As she walked with friends toward the vigil, Phyllis Poliseno soberly recalled that her son would have perished with his fire company, Engine Co. 54 in Midtown Manhattan if he had not requested a day off Sept. 11. When he arrived at the scene as the second tower collapsed, he was told his company had been climbing the first tower when it fell.
“Mentally he’ll never get over it,” his mother said. “He’s so broken up because his brother firemen are gone.”
At the vigil in Maspeth, the converging crowds swelled around the firehouse at the intersection of Borden and Perry avenues, pouring onto Grand Avenue and the overpasses of the Long Island Expressway.
For the most part, the vigil maintained a spirit of hope and faith.
“We still hope that they will be found,” said Patricia Schulze, a teacher from Maspeth who attended with her daughter. “We pray that if they are still alive, God will lead them out.”

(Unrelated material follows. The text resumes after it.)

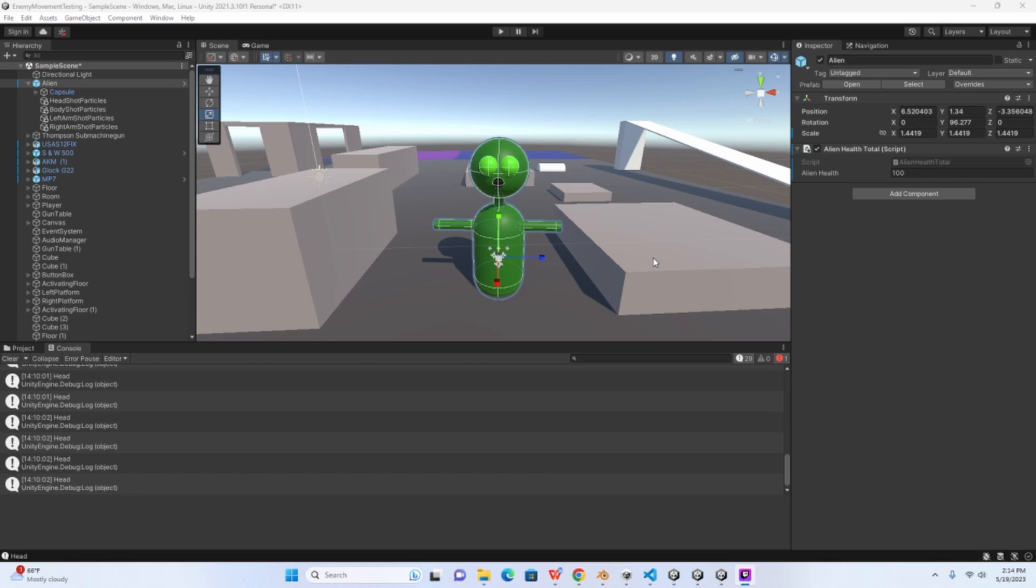Alright, and that is how to detect certain parts of the body when shooting an object. If this video helped you in any way be sure to leave a like, and if you want to see more content be sure to subscribe. Thank you.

For the remaining firefighters and the families of those who were lost, the support made a trying time more bearable.
“We can’t express how much it means to us. We have to focus on there,” Murphy said, pointing to the crowd. “So we can’t focus on here,” he continued, gesturing inside the firehouse.
The firehouse lost so many men because its companies are the first to respond to major disasters in the city, affording their men more opportunities to do what they love — fight fires.
“You’re in a unit that goes to everything,” he said. “If it was a quiet engine company, they wouldn’t have come here. That’s why they’re here.”
In Middle Village Monday morning, firefighter Michael Weinberg was laid to rest in a ceremony at Our Lady of Hope Roman Catholic Church. Although he was not on duty at the time, he gave up his morning golf game and sped to the World Trade Center upon learning of the plane crash.
Remembering the fallen firefighter stationed in Midtown, one of his friends said Weinberg had told him he was headed for a golf course he had played many times before “because I haven’t parred the course.”
“For those of us that knew Mike, we all know that he parred the course of life,” the friend said.